At Pitney Bowes, we have done a lot of thinking about how to innovate successfully. As a result, we have challenged conventional wisdom about how innovation actually occurs. There are two traditional views about innovation with which I am familiar:

  • One is the idea that institutions have large research and development budgets, begin a number of projects, have many failures, and funnel down to a handful of successes. The “funnel” metaphor is used to describe this idea.
  • The second is the idea that organizations either invest in entrepreneurial companies, or create entrepreneurial “skunkworks” which operate outside the company’s annual budgeting processes and produce innovation. This was a popular theory, supported by the IBM PC launch in the early 1980’s.

Both views are flawed, because they oversimplify how innovation really happens. I got the best insight on innovation from my 15-year-old daughter, who is not only a serious musician, playing the harp, flute, and piano, but an avid student of popular music history. She read and gave me a copy of Bill Wyman’s Rolling with the Stones. Wyman was one of the founding members of the Rolling Stones.
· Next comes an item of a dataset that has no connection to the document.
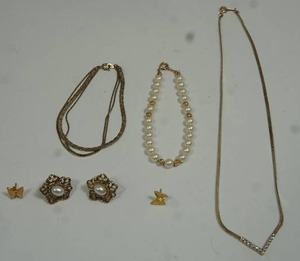 lot 52 image: Collection of Vintage Avon Jewelry...Avon Signed Pearl and Gold Tone Bead Bracelet and Multi-Chain Gold Bracelet, Gold Butterfly and Faux Opal Oval Pierced Earrings, Chevron Gold Necklace...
I had always believed that Mick Jagger and Keith Richards had formed the band and that, after a couple years of performing, they became fabulously successful because of the path blazed by the Beatles. The reality is much more interesting and complex, in many ways:

  • The great British bands of the 1960’s all were influenced by a combination of American blues and jazz music, as well as innovative American rock musicians like Buddy Holly, and a British musical style called “skiffle” music. (The Rolling Stones had a hit covering Holly’s song Not Fade Away.)
  • All of them experimented with not only musical styles, but modifying musical instruments, at many of the London clubs, and they worked separately for quite a few years with many other bands before coming together. Brian Jones, one of the other founding members of the Stones, experimented with quite a few combinations of musicians before the group settled on the five who would become its longer-term members.
  • The Stones experimented quite a bit even after coming together on different styles and sounds, and borrowed from previously-composed songs that they had discarded or which had not been hits.
  • None of the musicians started out knowing where they would end up. There was a fair amount of reacting to events as they happened, and adapting to those changed conditions.
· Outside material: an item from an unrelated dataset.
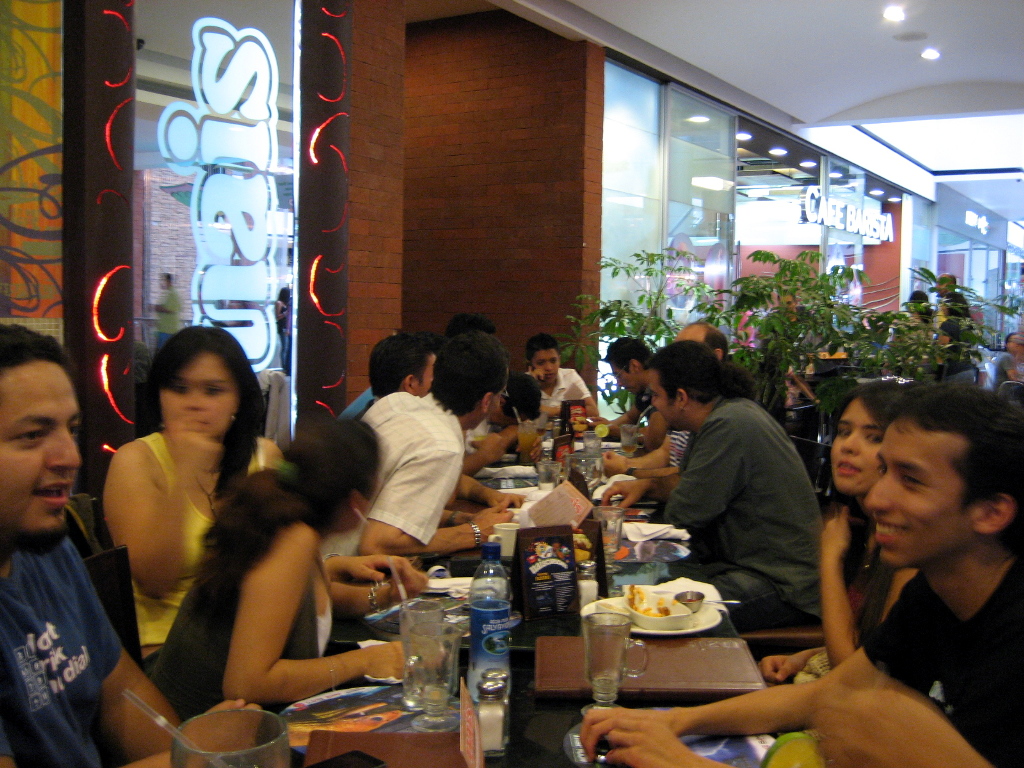 people eating a meal at a restaurant while talking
We have discovered that corporate innovation follows the same path. This BusinessWeek article demonstrates how corporations are consistently strategizing to respond to the rapidly growing demand for innovation, most recently cited as “The Innovation Movement”. The “funnel” methodology is flawed because there is not always a clear line between successes and failures. More often than not, an ultimate success is a combination of pieces of innovations from several previous projects, some of which were considered failures at the time. For example, we had a sizable research and development project to build a low-cost mixed mail sorter. We never succeeded, but we eventually borrowed some of the paper-handling innovations from that project to incorporate into our Olympus Multi-Tier sorter system years later.
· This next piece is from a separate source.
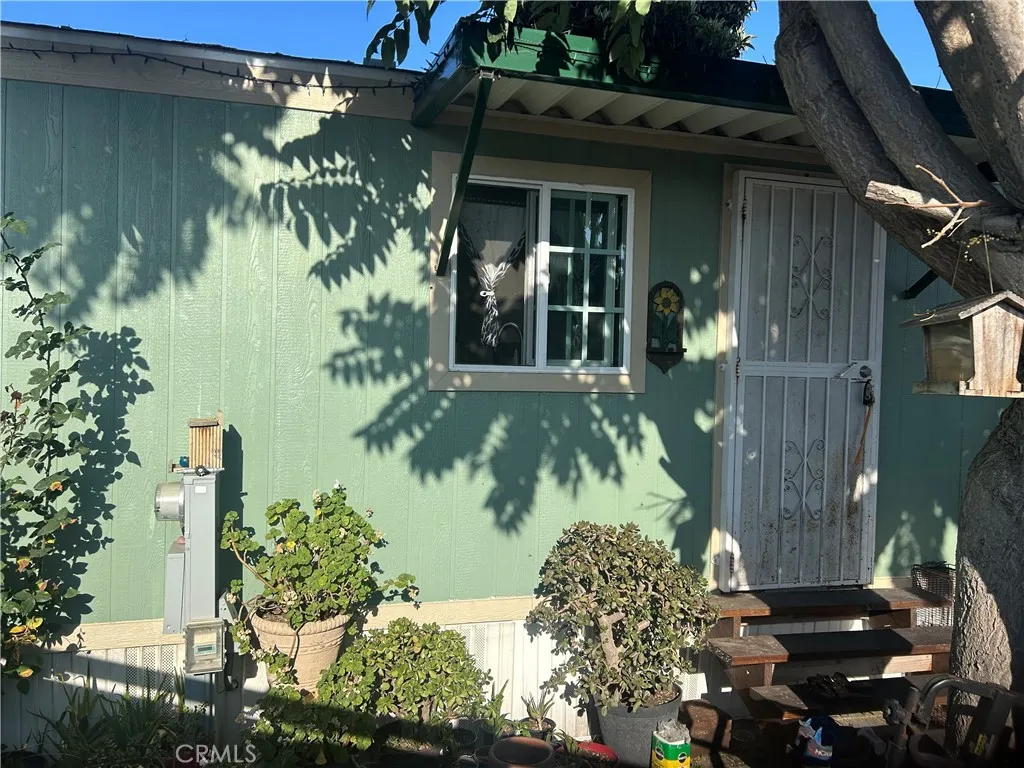 15325 Orange, Unit F16 Paramount, CA 90723 - Photo 2 of 25 a view of a backyard of the house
We had a combination of both entrepreneurs who came from companies we acquired and members of our traditional research and development groups. We also learned from outside partnerships, both corporate and university-based. The sources of innovation were more diverse and less traditional or predictable than we would have thought.

We also did not end up where we started out. Market conditions and learnings often changed what we did. For example, online postage was originally seen by some of the dot.com start-ups as a clear alternative to the postage meter and the stamp for ordinary letters. However, it morphed into a great solution for parcel shipments, such as those which follow an e-Bay auction sale, and it became the backbone for downloading personalized stamp images.

This Innovation Blog reviews some examples of innovation trends and tangible tactics companies have used to innovate.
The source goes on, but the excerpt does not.